It’s a dark, quiet morning, the kind I usually relish while drinking a hot cup of coffee at my kitchen table with warm puppies at my feet. Today, I shiver in my onesie while I wait for my pot of coffee to brew. I’m facing the kitchen window that looks onto the otherwise idyllic, peaceful neighborhood, and thinking about the book I finished reading the day before. I wonder if someone’s secretly peeking back at me, possibly planning to ambush me later in the shower and murder me. Brrrrrr. If you’re planning on reading this, I believe Samuel L. Jackson’s Jurassic Park warning should be heeded: “Hold on to your butts.”
Painters Mill, Ohio–sleepy farming community where a third of the population are Amish. Kate Burkholder, Chief of Police has childhood ties to the community, which come back to haunt her when a string of serial murders resurface after sixteen years. Who is the killer? Why the hiatus? Why the escalation in murders and change in MO? Burkholder and her patchwork team of sidekicks are on the trail, but everyone’s got secrets.

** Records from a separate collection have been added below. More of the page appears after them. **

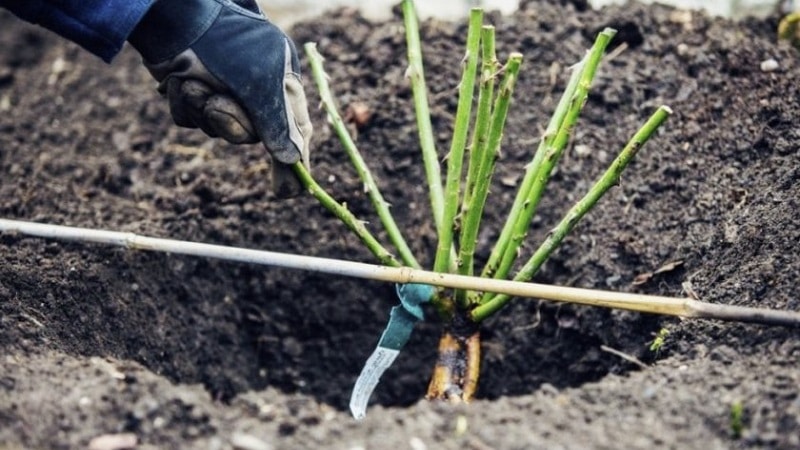 Planting roses in autumn: in detail and step by step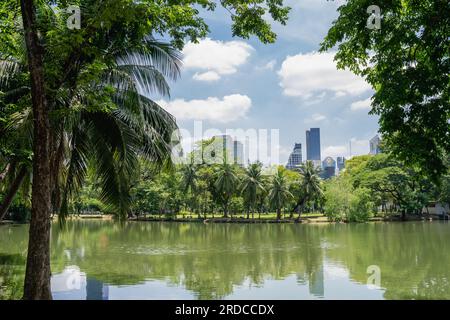 Lumpini Park, lago verde della foresta a Bangkok, Thailandia Foto Stock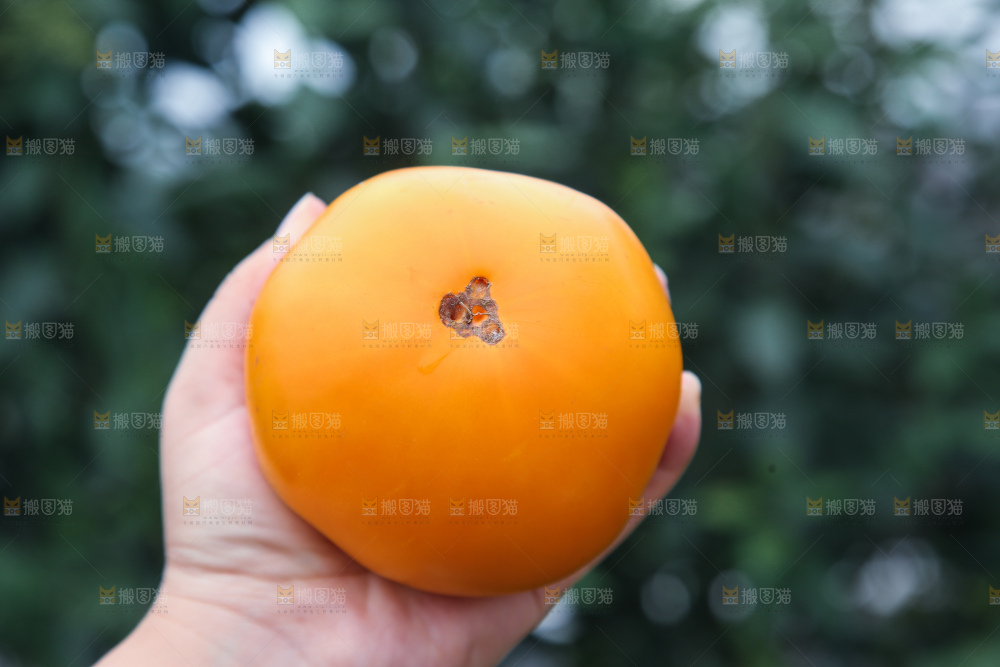 五原黄柿子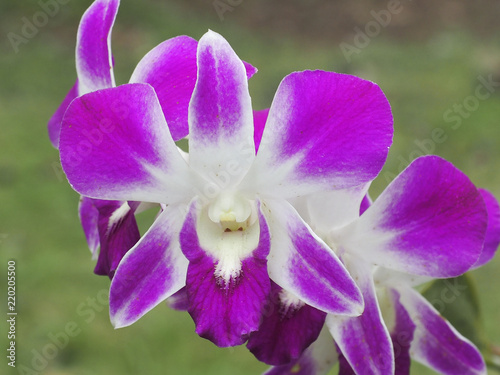 Purple Wild orchid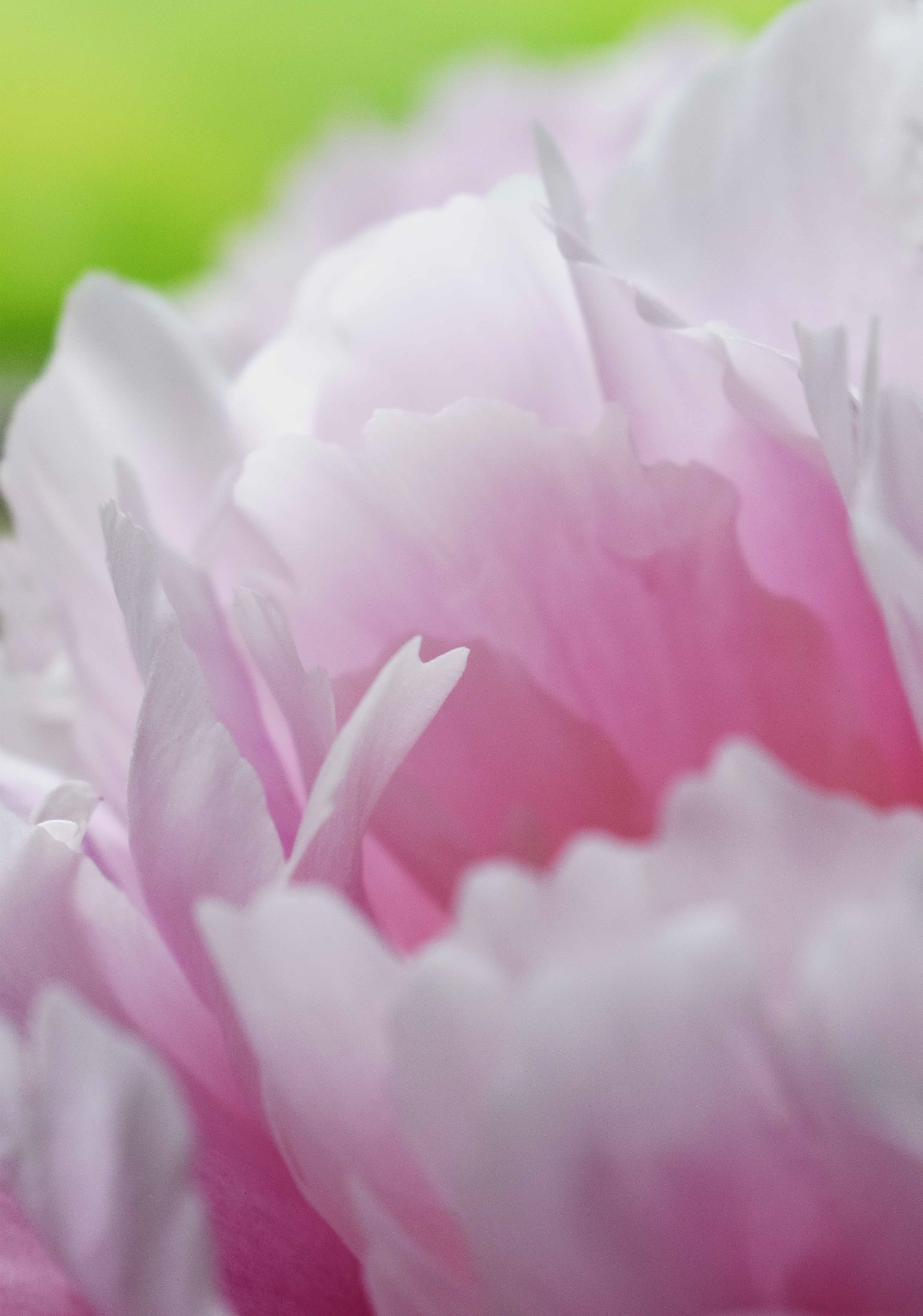 Peony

I will be honest. There is something about cozy settings and brutality that fascinates me. Not that anything really shocks us anymore, right? One never really knows who one’s neighbors are. But the idea that something can happen in a quiet, peaceful community is always attention grabbing, and Castillo does an excellent job of really drawing in the reader. She shocks you! Lures you into pacivity, and then assaults you again. You’re never really comfortable reading through this. I may just do something I never do, and jump into the next book in the series. I don’t know if my nerves can handle it this week, but what have I got to lose other than sleep?